The directors of Canadian Pacific Railway Ltd. assembled in a suite at Calgary's Sheraton Eau Claire Hotel Wednesday night for a meal that could be called their last supper.

After four months of a hard-fought proxy battle that pitted CP's board of elite business leaders against tenacious New York fund manager Bill Ackman, the directors were facing a humiliation on a scale rarely seen in Corporate Canada. The vast majority of the railway's shareholders had submitted early votes and the results were devastating.

According to sources familiar with the vote results, more than three-quarters of CP's shareholders had voted in favour of seven dissident directors backed by Mr. Ackman. Nine of the railway's directors had garnered enough votes to be re-elected, but CP chairman John Cleghorn, chief executive officer Fred Green, lead director Michael Phelps and three others had been voted off the train.

The time had come to wave the white flag.

The meal, the directors agreed, would be their last formal gathering. Over the next several hours, CP's lawyers entered negotiations with Mr. Ackman's team to strike a truce. Near midnight, the two sides struck an accord that would save Mr. Cleghorn and the five other veterans from the humiliation of a public rout, while paving the way for a new beginning at a historic railway that had been plagued with operating and performance challenges for years.

At 5:30 a.m. Mountain time, less than three hours before the shareholders' meeting was scheduled to begin Thursday, CP issued its unexpected capitulation, closing a chapter on a bitterly fought corporate power struggle. Following the late talks, Mr. Green had resigned as CEO and Mr. Cleghorn and the four other directors would not stand for re-election.
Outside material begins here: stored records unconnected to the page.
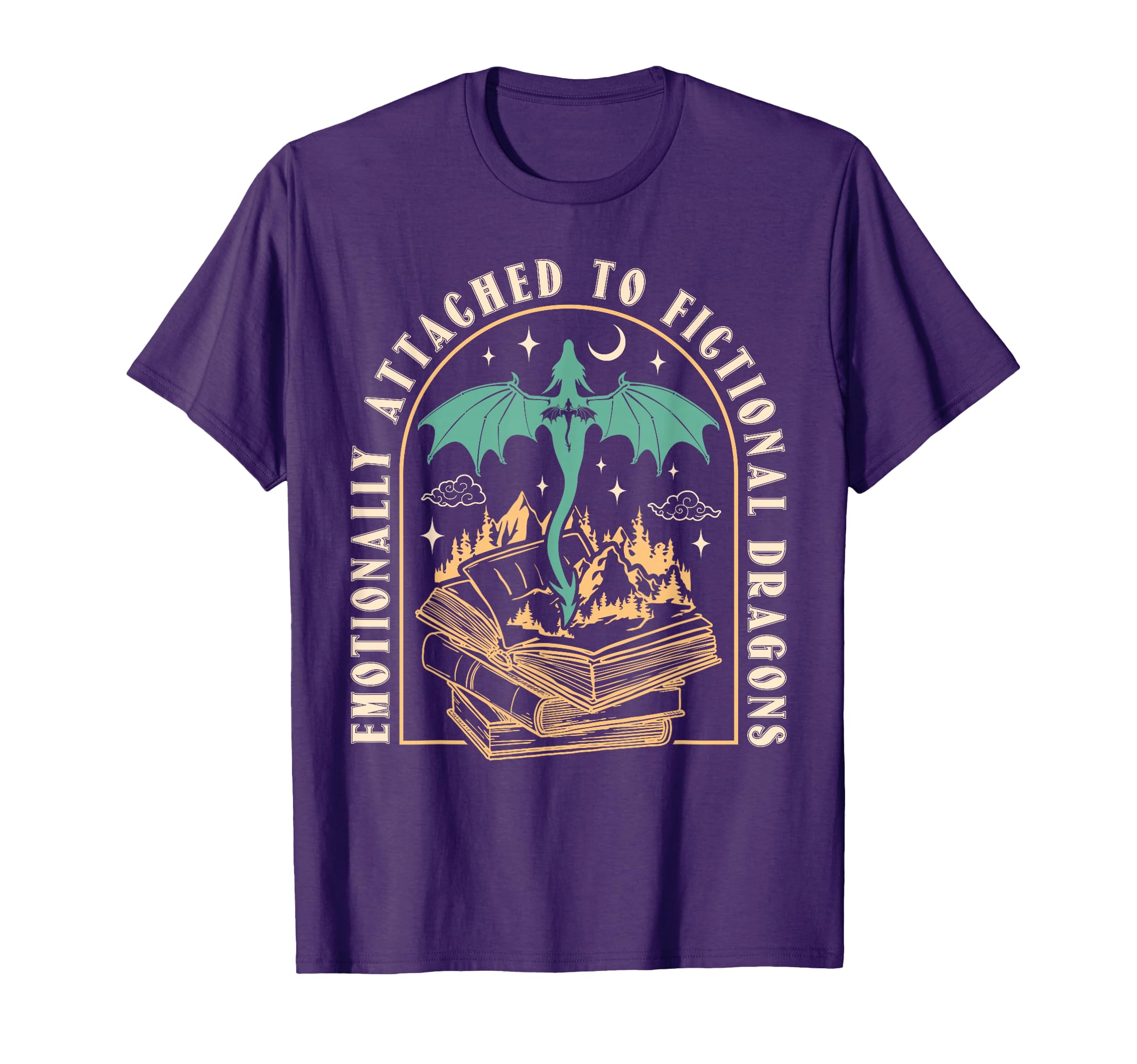 Emotionally Attached To Fictional T-Shirt - Fun Novelty Design for Adults - T-Shirt, Sweatshirt, Hoodie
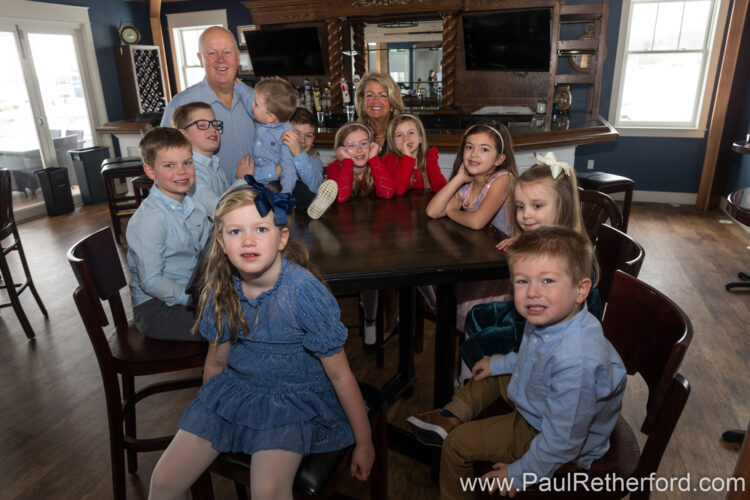 Winter Family Indoor Photography Northern Michigan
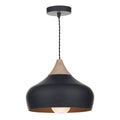 Gaucho 1 Light Pendant Black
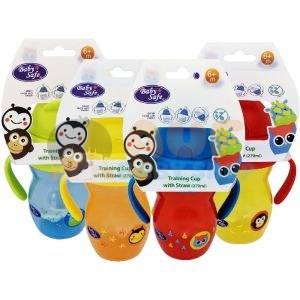 BABY SAFE CUP WITH STRAW (270ML)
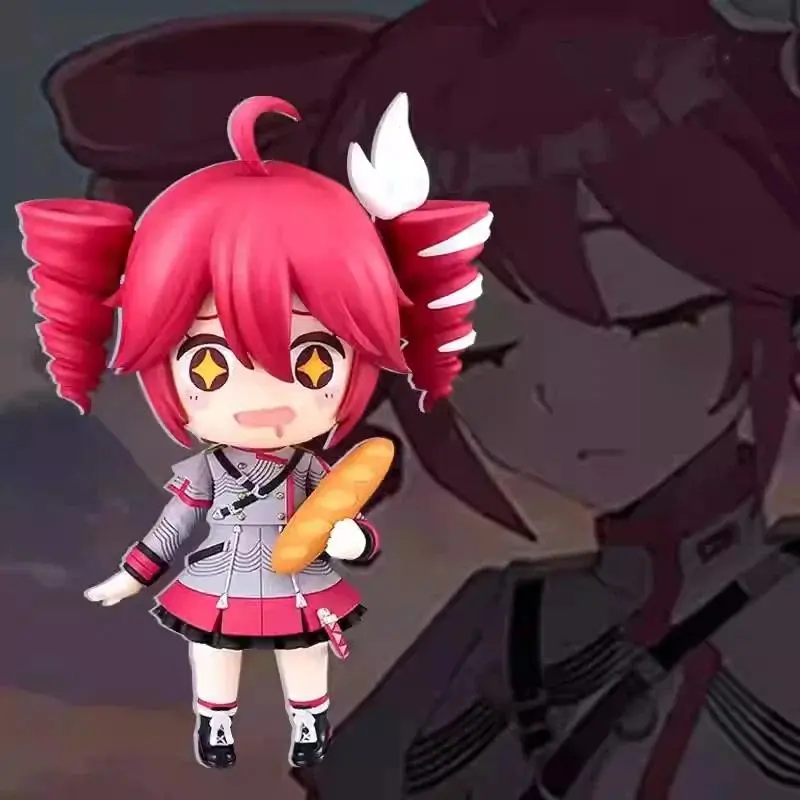 In Stock 10cm PVC Nendoroid 2344 Kasane Teto Anime & Manga Action Figure, Collectible Model with Face Swappable Feature, Extra Accessories, Exquisite Color Box for Desk Decor Gifts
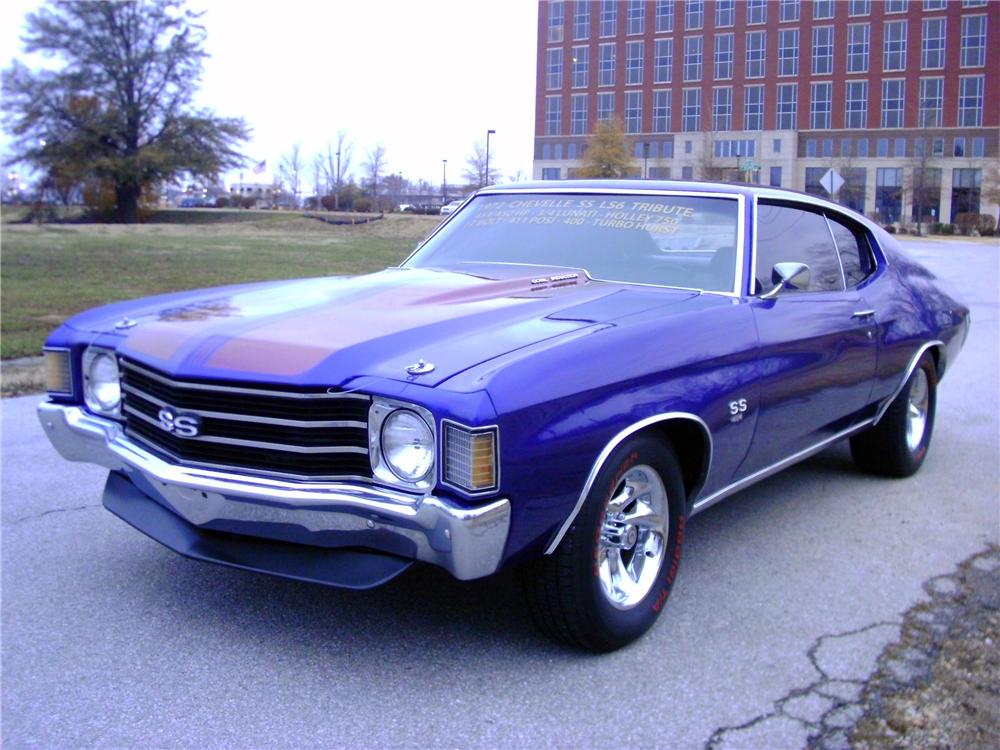 1972 CHEVROLET CHEVELLE CUSTOM 2 DOOR HARDTOP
This has been a "spirited debate about the future of this great railroad," a sombre Mr. Cleghorn said in a brief statement at the meeting.

Instead of the drama of a corporate shootout, the estimated 500 people who crammed into the Wildrose Ballroom of the Sheraton Hotel listened to polite, short statements from Mr. Cleghorn and Mr. Ackman. The meeting was over in 20 minutes and the results of the landslide vote were never publicized.
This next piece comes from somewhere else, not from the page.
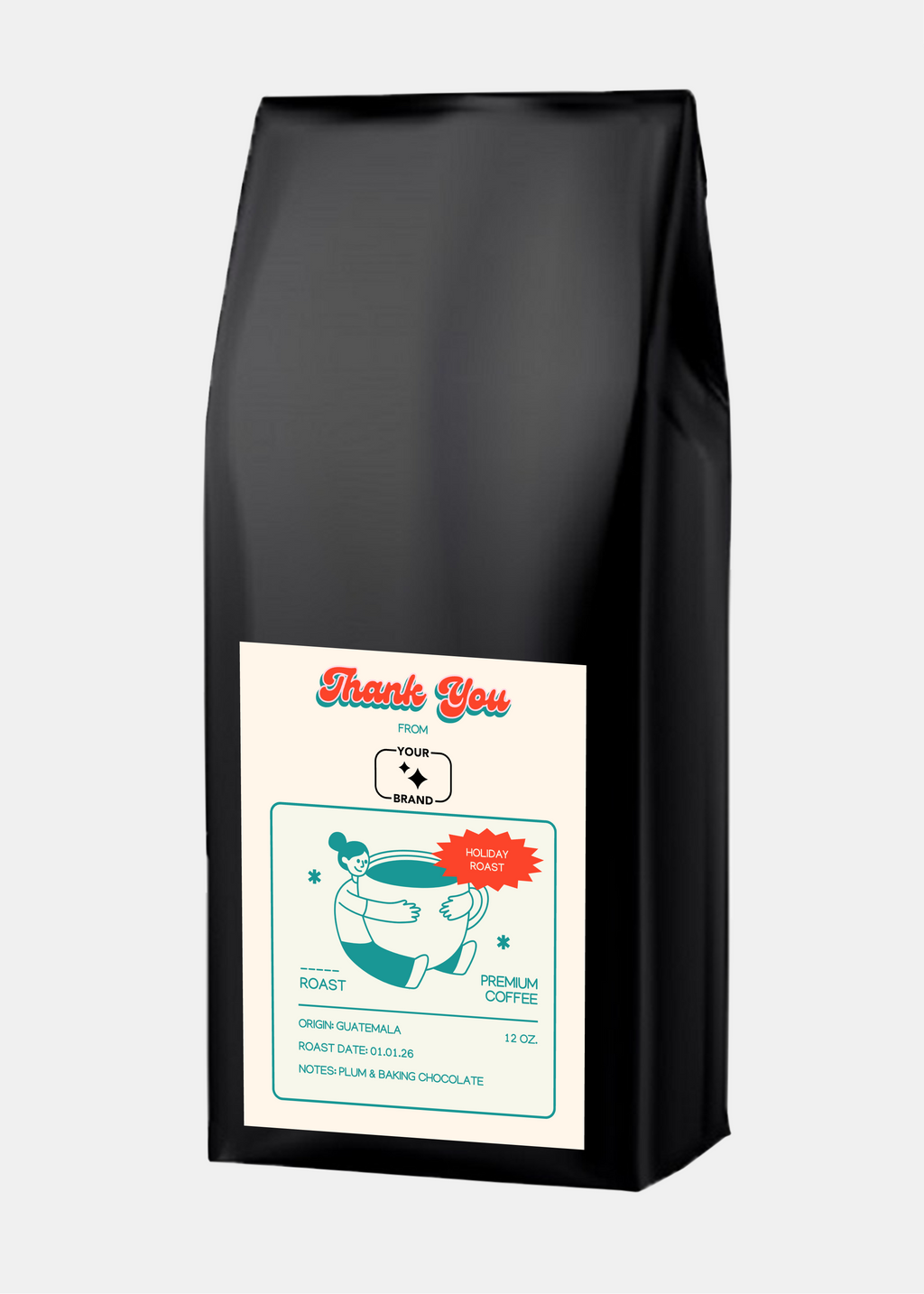 Custom Hospitality Coffee, 12 oz. Bags (Choose Your Options)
"We came for the show, I thought it was very anti-climactic" said Brian Krausert, a shareholder for more than a decade. "I thought maybe we'd have a few questions, a little yelling and screaming."

The drama at CP now moves from the war of words on the proxy battlefield to the tough, grinding business of restoring profits at a railway that has disappointed investors for years. The shift means the future of Canada's oldest railway will rest on the shoulders of its biggest critic, Mr. Ackman, who has delivered investment returns by placing big bets on a variety of struggling insurance, real estate and retail companies, but has no experience in the railway sector.

The activist won the support of many of CP's frustrated shareholders with the promise of huge performance improvements under the leadership of Hunter Harrison, a hard-driving railway legend who led a turnaround at Canadian National Railway and before that Illinois Central.

CP's 2011 operating ratio – a gauge of efficiency that measures costs as a percentage of revenue – is 81.3 per cent. A lower number is better and Mr. Ackman's firm, Pershing Square Capital Management, has promised CP shareholders that a new regime can drive the railway's annualized operating ratio down to 65 per cent within four years of replacing Mr. Green.

Mr. Harrison's leadership was vigorously opposed by CP's board of directors, who warned that his record of harsh cost-cutting and high customer service complaints would be "destructive" to a railway staking its future on long-term bulk freight contracts with major mining and resource companies.

CP's new board of directors, which includes Mr. Ackman and six other Pershing nominees, agreed at their first meeting yesterday to launch a search for a new CEO. In the interim, it named Stephen Tobias, a former Norfolk Southern Corp. chief operations officer and one of the alternative directors, as CP's temporary CEO

Madeleine Paquin a CP director since 2001, has been named the railway's acting chair. She is the CEO at Logistec Corp., a cargo-handling firm,.

Signalling a new tone of diplomacy after months of attacking CP's management, Mr. Ackman told the CP annual meeting that he "came in peace, and I am delighted to say that we are at peace once again.

"Proxy contests are never fun for anyone involved, but they are critical to the proper functioning of the capitalist system. We forget how unusual the corporate election system is in a democracy. Ninety-nine per cent of the time shareholders are not given a choice as to who they wish to represent them on the board of directors. This proxy contest gave shareholders a choice, and that, in and of itself, is an inherently good thing."

When he rushed out of the new board's first meeting, he waved off reporters with "no comment."